Margaret Elisabeth Jull Costa OBE, OIH (born 2 May 1949) is a British translator of Portuguese- and Spanish-language fiction and poetry, including the works of Nobel Prize winner José Saramago, Eça de Queiroz, Fernando Pessoa, Paulo Coelho, Bernardo Atxaga, Carmen Martín Gaite, Javier Marías, and José Régio. She has won the Oxford-Weidenfeld Translation Prize more times than any other translator.

Early life 
Costa was born in Richmond upon Thames in 1949.

Education 
She earned an undergraduate degree in Spanish and Portuguese from the University of Bristol before receiving a Fulbright Scholarship to Stanford University, where she achieved a Master of Arts.

Writing career
In recent years she has been noted for her work in translating the novels of José Saramago for which she won a number of awards.
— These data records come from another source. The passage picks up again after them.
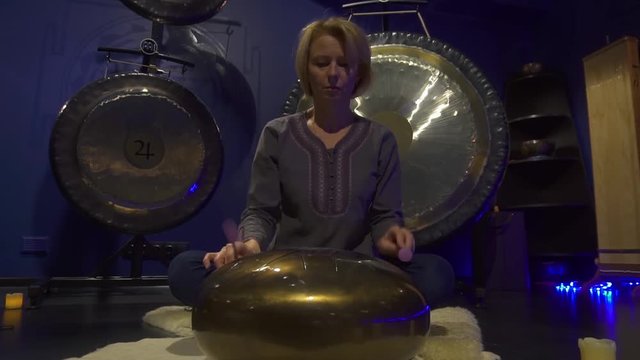 Woman is playing meditative instrument tank drum in a dark meditation room.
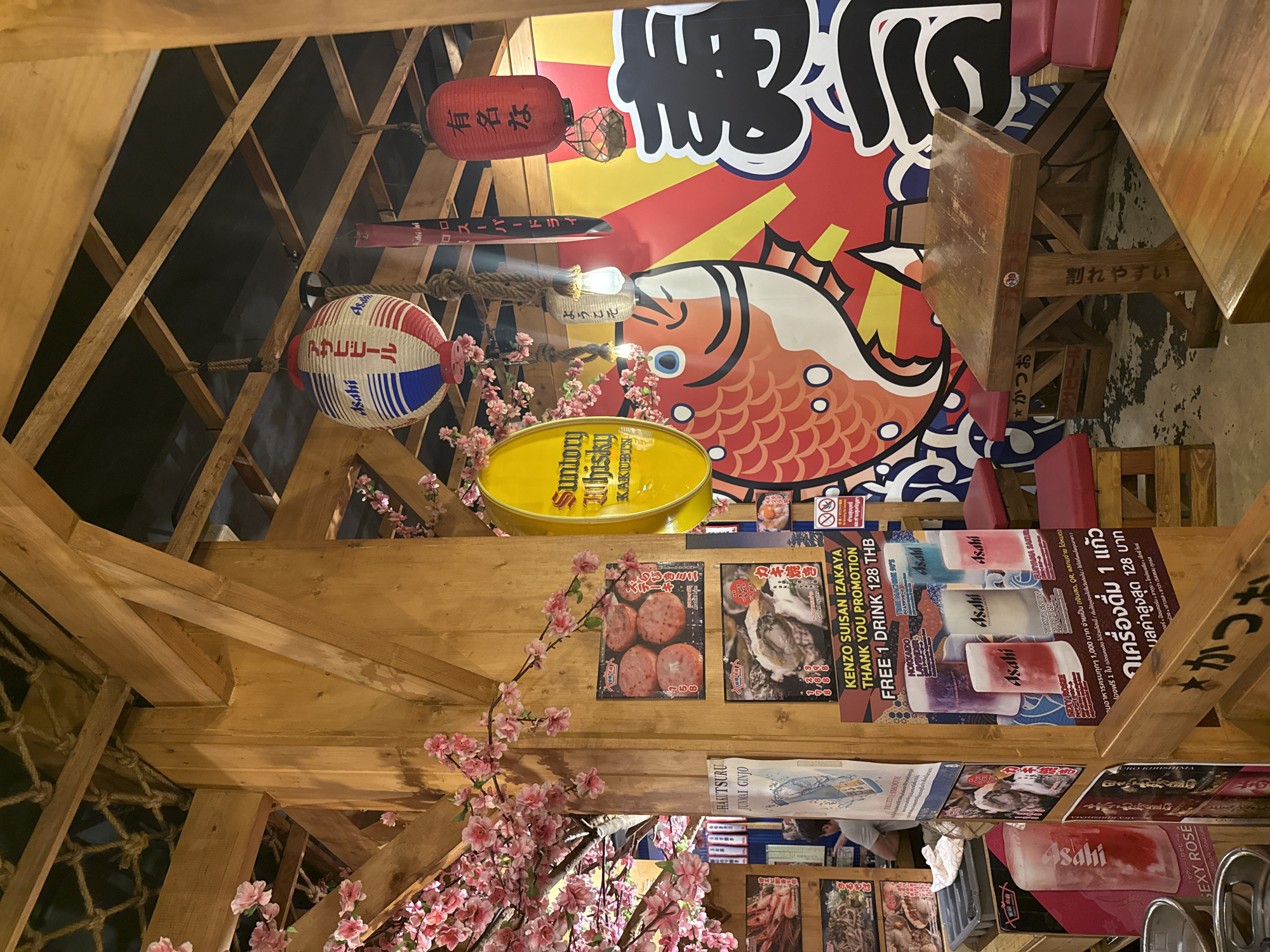 The image shows the interior of a Japanese-style izakaya or restaurant in Bangkok, Thailand, with a focus on the ceiling area. The ceiling is decorated with a variety of Japanese items including red and white paper lanterns, a large poster with Japanese text and a drawing of a fish, a yellow Suntory Whisky sign, and cherry blossom branches. There are wooden beams framing the ceiling. Several menus and promotional posters are visible, advertising food and drinks, including Asahi beer. Some Thai text is present on the posters as well. The restaurant appears busy, with seating visible on the periphery.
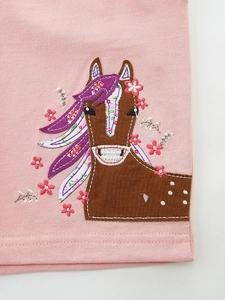 Girls' pink knit shorts featuring detailed horse embroidery and floral applique design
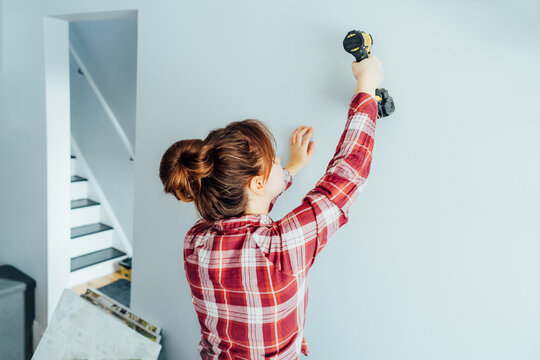 Back view young brunette woman screwing screw into wall with electrical screwdriver. Girl wants to put a picture on the wall. Housekeeping work. Doing repairs herself, DIY, gender equality concept.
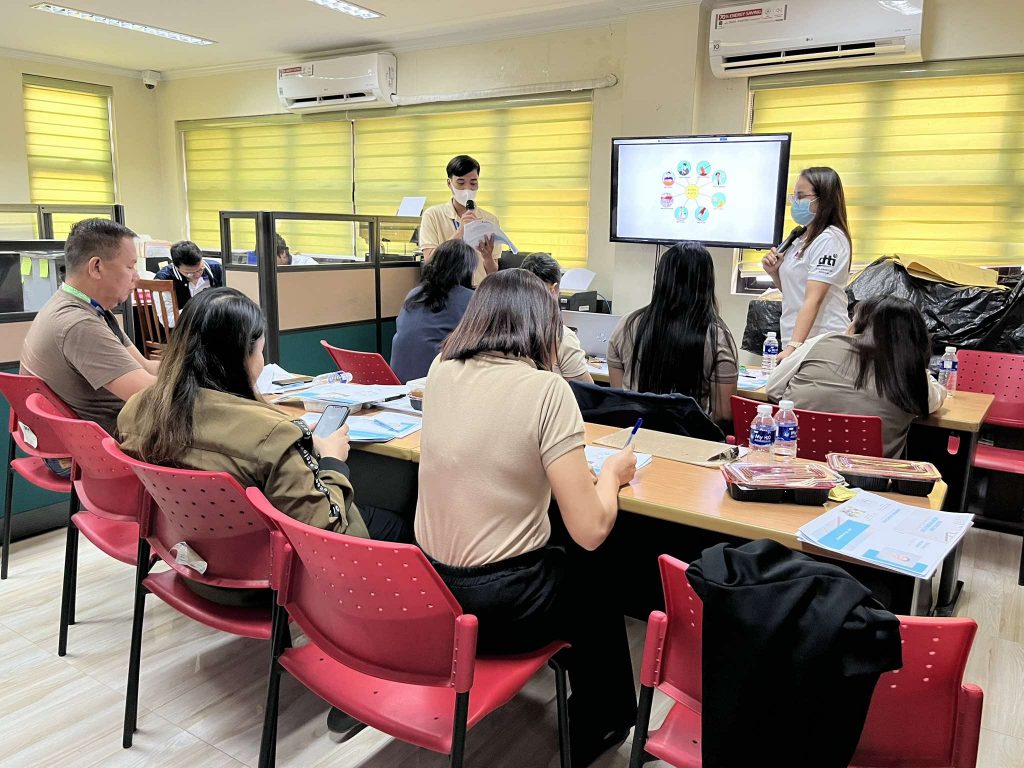 A group of people are seated at tables in a room, facing a screen displaying a graphic. Two individuals appear to be presenting or leading the session, one speaking into a microphone. The room has yellow blinds, cubicles, and air conditioning units on the walls. The participants are seated in red plastic chairs and appear to be taking notes or using their phones. The screen displays a graphic with circular icons. There are water bottles and containers on the tables.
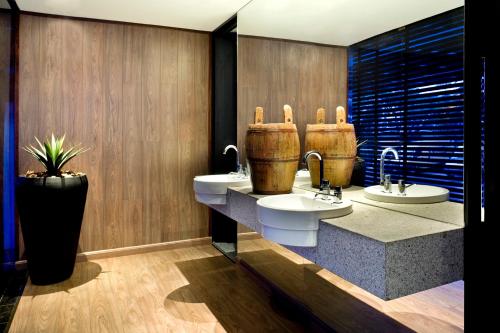 a bathroom with two sinks and a potted plant at Sia Park Executive Hotel in Brasília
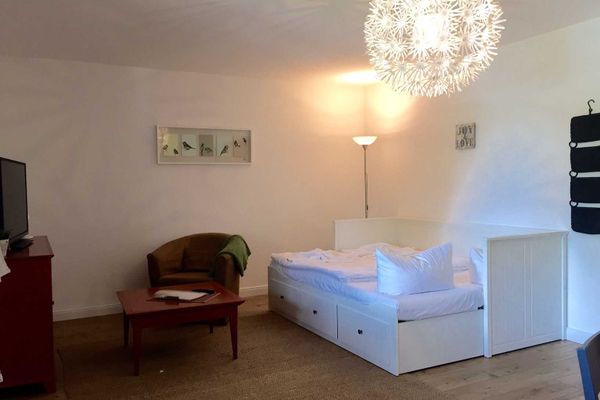 Wohnzimmer mit Schlafsofa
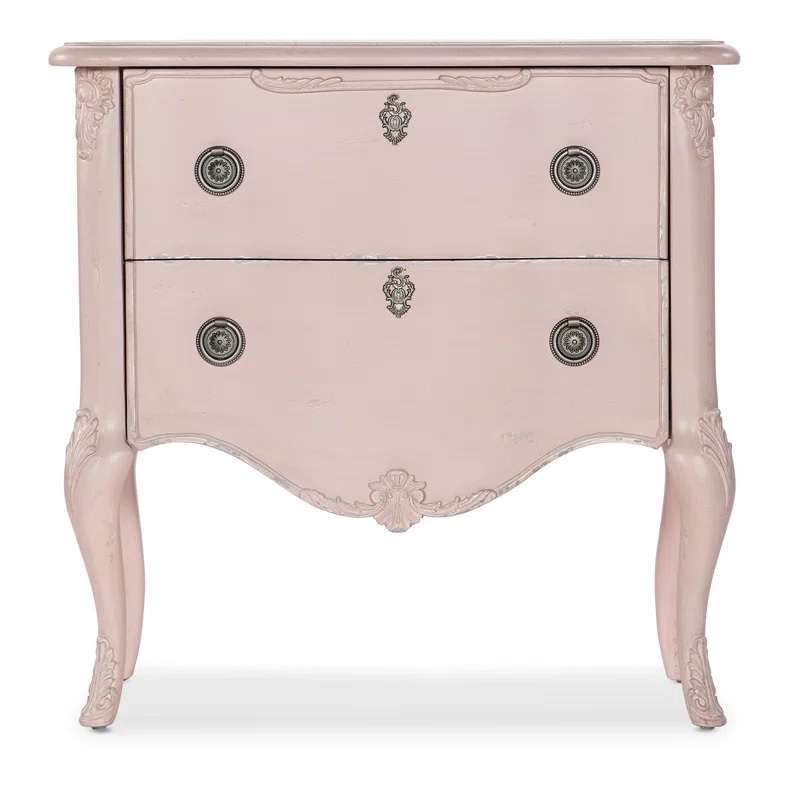 Hooker Furniture Flourish Accent Chest in Pink Wood Finish with Decoratively Carved Satin Nickel Handles and Accents. Back left leg chipped, some minor paint scuffs along front and top otherwise great quality nightstand, 29.75'' H X 30'' W X 16'' D
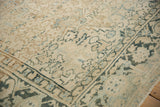Geometric Turtle Samovar border with low-pile texture on a distressed vintage Persian Heriz rug.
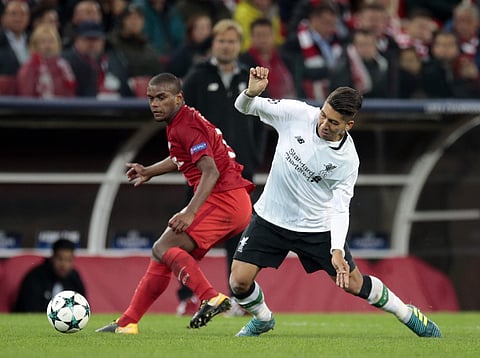 Spartak's Fernando, left, challenges for the ball with Liverpool's Roberto Firmino during the Champions League soccer match between Spartak Moscow and Liverpool in Moscow, Russia. (AP)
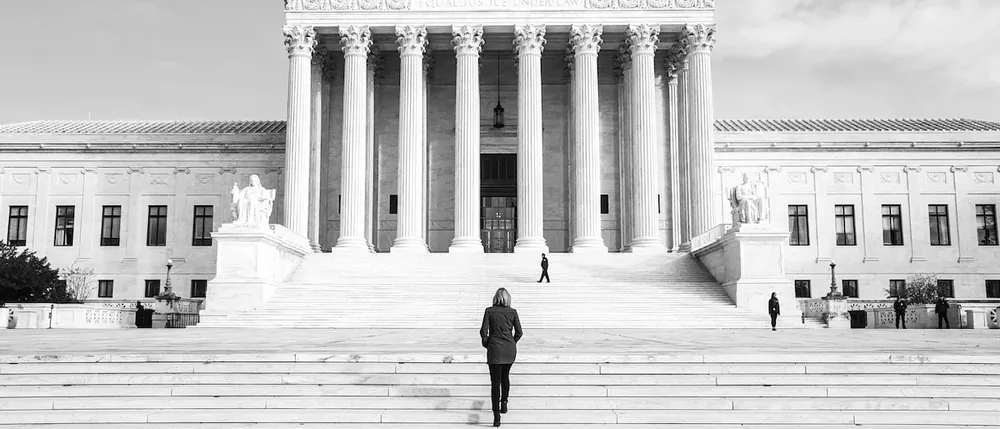 A lone person climbing the courthouse steps, representing a hernia mesh claim against a large manufacturer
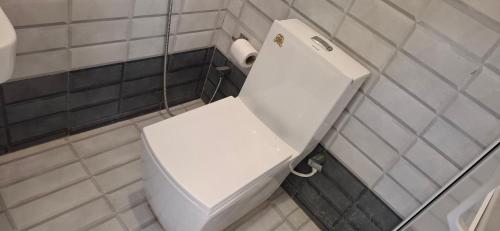 Koupelna v ubytování Araliya inn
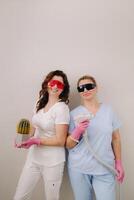 Two cosmetologists in protective glasses are holding a laser depilation device and a cactus in their hands photo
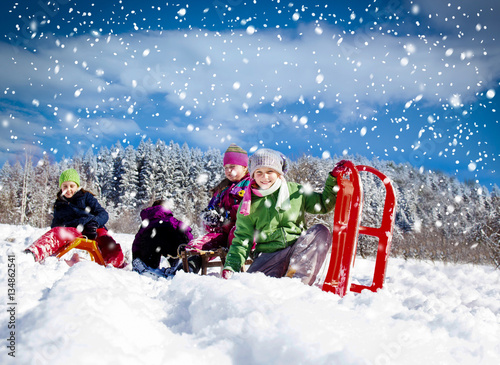 group of chidren playing in snow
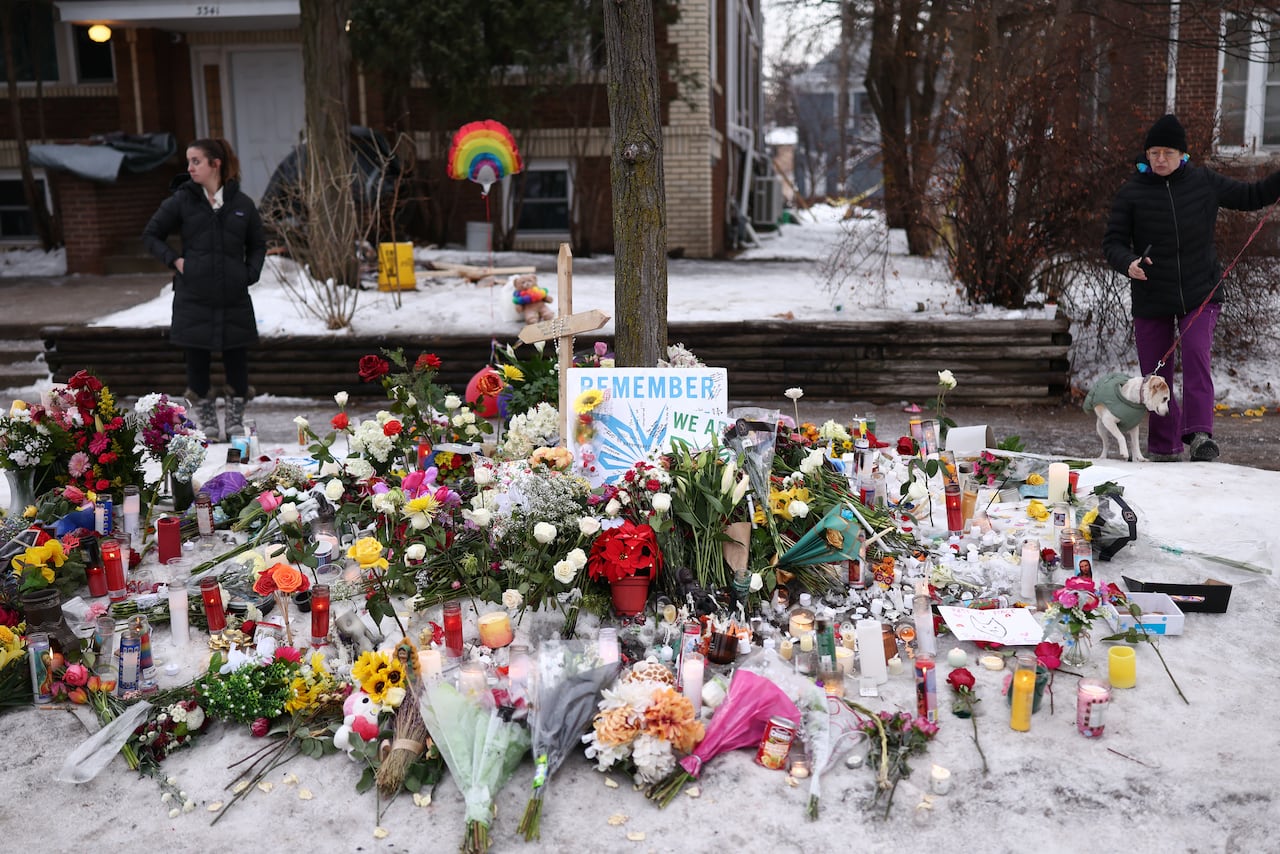 A memorial of candles, flowers and signs in the snow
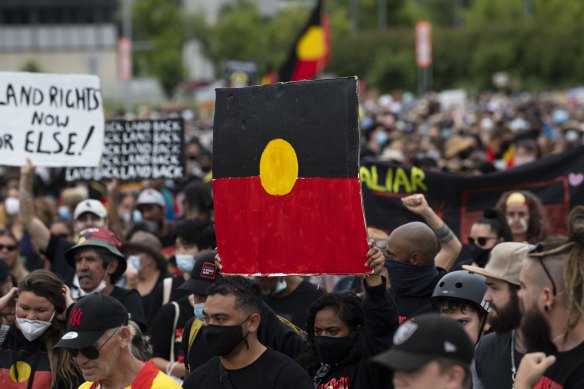 The protesters marched from the city centre to the lawns of Old Parliament House.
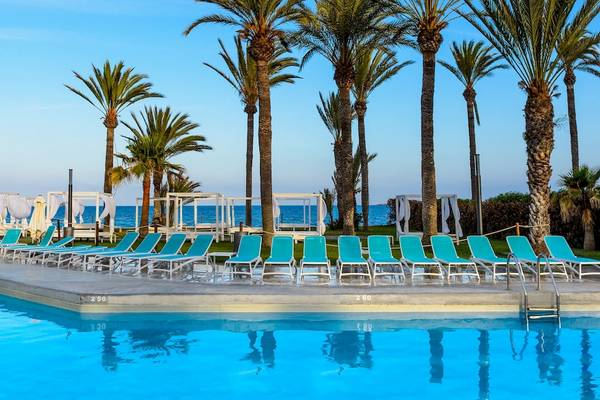 Schwimmbad am Strand des Vibra Algarb Hotels mit blauen Sonnenliegen und Palmen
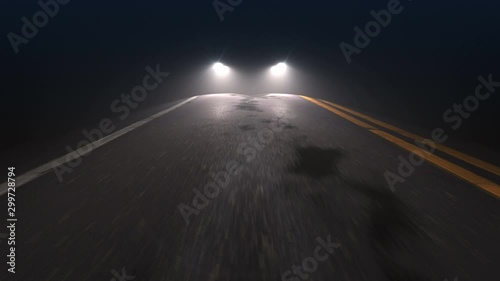 Car with headlights on follows camera tracking along country night road. Car driving down the country road with headlights turned on, seamless loop. Pursuit, chase and follow concept. photo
Her translations include All the Names, and Death at Intervals, about a country where death ceases to exist, was published in 2008.

As part of its 'Europe 1992–2004' programme, the UK publishers Dedalus embarked on a series of new translations by Jull Costa of some of the major classics of Portuguese literature. These include seven works by Eça de Queiroz: Cousin Bazilio (1878, translation published 2003, funded by the Arts Council of England), The Tragedy of the Street of Flowers, The Mandarin (and Other Stories), The Relic, The Crime of Father Amaro, The Maias and The City and the Mountains (2008).

In 2006, she published the translation of the first part of Javier Marías's trilogy, Your Face Tomorrow 1: Fever and Spear. The second part, 2: Dance and Dream, was published in 2006, while the concluding part, 3: Poison, Shadow and Farewell, appeared in November 2009. This last volume won her the 2010 Premio Valle-Inclan.

Her English translation of The Accordionist's Son by the Basque author Bernardo Atxaga was published by Harvill Secker (2007) while her previous translations of Atxaga's work include The Lone Man (1996) and The Lone Woman (1999).

Her translation of The Maias by Eça de Queiroz was published by Dedalus Books in 2007, the original book was described by José Saramago as "the greatest book by Portugal's greatest novelist".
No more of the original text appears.